### Task to complete
The full listing below is to be written out exactly.
==== Input
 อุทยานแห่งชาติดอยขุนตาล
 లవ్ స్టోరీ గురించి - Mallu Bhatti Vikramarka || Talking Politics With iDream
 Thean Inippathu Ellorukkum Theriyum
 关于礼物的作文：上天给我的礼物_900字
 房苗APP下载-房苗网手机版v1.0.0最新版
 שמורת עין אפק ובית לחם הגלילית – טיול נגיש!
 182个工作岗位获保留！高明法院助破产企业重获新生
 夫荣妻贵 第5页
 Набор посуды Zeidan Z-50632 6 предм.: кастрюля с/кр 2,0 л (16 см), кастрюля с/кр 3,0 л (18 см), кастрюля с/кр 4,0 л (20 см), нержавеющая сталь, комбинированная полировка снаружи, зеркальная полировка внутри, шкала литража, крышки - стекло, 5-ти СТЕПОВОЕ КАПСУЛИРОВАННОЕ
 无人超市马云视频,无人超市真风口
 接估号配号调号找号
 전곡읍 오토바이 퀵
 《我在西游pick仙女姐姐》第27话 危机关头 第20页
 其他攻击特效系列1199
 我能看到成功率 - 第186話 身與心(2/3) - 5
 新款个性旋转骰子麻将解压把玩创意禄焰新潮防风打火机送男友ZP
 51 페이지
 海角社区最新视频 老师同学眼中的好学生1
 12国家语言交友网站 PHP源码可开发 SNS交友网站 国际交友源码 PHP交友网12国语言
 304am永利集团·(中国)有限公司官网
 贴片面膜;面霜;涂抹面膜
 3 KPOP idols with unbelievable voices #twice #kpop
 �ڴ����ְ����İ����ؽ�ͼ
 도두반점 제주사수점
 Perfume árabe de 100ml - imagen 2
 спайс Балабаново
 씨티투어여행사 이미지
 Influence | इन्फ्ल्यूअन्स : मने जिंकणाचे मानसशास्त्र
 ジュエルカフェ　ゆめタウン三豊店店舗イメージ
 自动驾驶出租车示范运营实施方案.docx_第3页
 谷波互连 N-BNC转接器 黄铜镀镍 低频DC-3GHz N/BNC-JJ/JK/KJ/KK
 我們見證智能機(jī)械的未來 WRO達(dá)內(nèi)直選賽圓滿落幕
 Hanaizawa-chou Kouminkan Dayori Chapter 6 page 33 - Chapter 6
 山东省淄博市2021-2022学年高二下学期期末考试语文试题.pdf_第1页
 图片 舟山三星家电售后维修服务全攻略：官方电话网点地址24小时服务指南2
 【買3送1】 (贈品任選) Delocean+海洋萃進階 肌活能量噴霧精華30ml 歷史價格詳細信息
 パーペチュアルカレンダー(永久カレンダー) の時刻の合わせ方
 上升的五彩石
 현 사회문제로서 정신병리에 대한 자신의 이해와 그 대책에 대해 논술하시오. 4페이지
========
### Problem solution
 อุทยานแห่งชาติดอยขุนตาล
 లవ్ స్టోరీ గురించి - Mallu Bhatti Vikramarka || Talking Politics With iDream
 Thean Inippathu Ellorukkum Theriyum
 关于礼物的作文：上天给我的礼物_900字
 房苗APP下载-房苗网手机版v1.0.0最新版
 שמורת עין אפק ובית לחם הגלילית – טיול נגיש!
 182个工作岗位获保留！高明法院助破产企业重获新生
 夫荣妻贵 第5页
 Набор посуды Zeidan Z-50632 6 предм.: кастрюля с/кр 2,0 л (16 см), кастрюля с/кр 3,0 л (18 см), кастрюля с/кр 4,0 л (20 см), нержавеющая сталь, комбинированная полировка снаружи, зеркальная полировка внутри, шкала литража, крышки - стекло, 5-ти СТЕПОВОЕ КАПСУЛИРОВАННОЕ
 无人超市马云视频,无人超市真风口
 接估号配号调号找号
 전곡읍 오토바이 퀵
 《我在西游pick仙女姐姐》第27话 危机关头 第20页
 其他攻击特效系列1199
 我能看到成功率 - 第186話 身與心(2/3) - 5
 新款个性旋转骰子麻将解压把玩创意禄焰新潮防风打火机送男友ZP
 51 페이지
 海角社区最新视频 老师同学眼中的好学生1
 12国家语言交友网站 PHP源码可开发 SNS交友网站 国际交友源码 PHP交友网12国语言
 304am永利集团·(中国)有限公司官网
 贴片面膜;面霜;涂抹面膜
 3 KPOP idols with unbelievable voices #twice #kpop
 �ڴ����ְ����İ����ؽ�ͼ
 도두반점 제주사수점
 Perfume árabe de 100ml - imagen 2
 спайс Балабаново
 씨티투어여행사 이미지
 Influence | इन्फ्ल्यूअन्स : मने जिंकणाचे मानसशास्त्र
 ジュエルカフェ　ゆめタウン三豊店店舗イメージ
 自动驾驶出租车示范运营实施方案.docx_第3页
 谷波互连 N-BNC转接器 黄铜镀镍 低频DC-3GHz N/BNC-JJ/JK/KJ/KK
 我們見證智能機(jī)械的未來 WRO達(dá)內(nèi)直選賽圓滿落幕
 Hanaizawa-chou Kouminkan Dayori Chapter 6 page 33 - Chapter 6
 山东省淄博市2021-2022学年高二下学期期末考试语文试题.pdf_第1页
 图片 舟山三星家电售后维修服务全攻略：官方电话网点地址24小时服务指南2
 【買3送1】 (贈品任選) Delocean+海洋萃進階 肌活能量噴霧精華30ml 歷史價格詳細信息
 パーペチュアルカレンダー(永久カレンダー) の時刻の合わせ方
 上升的五彩石
 현 사회문제로서 정신병리에 대한 자신의 이해와 그 대책에 대해 논술하시오. 4페이지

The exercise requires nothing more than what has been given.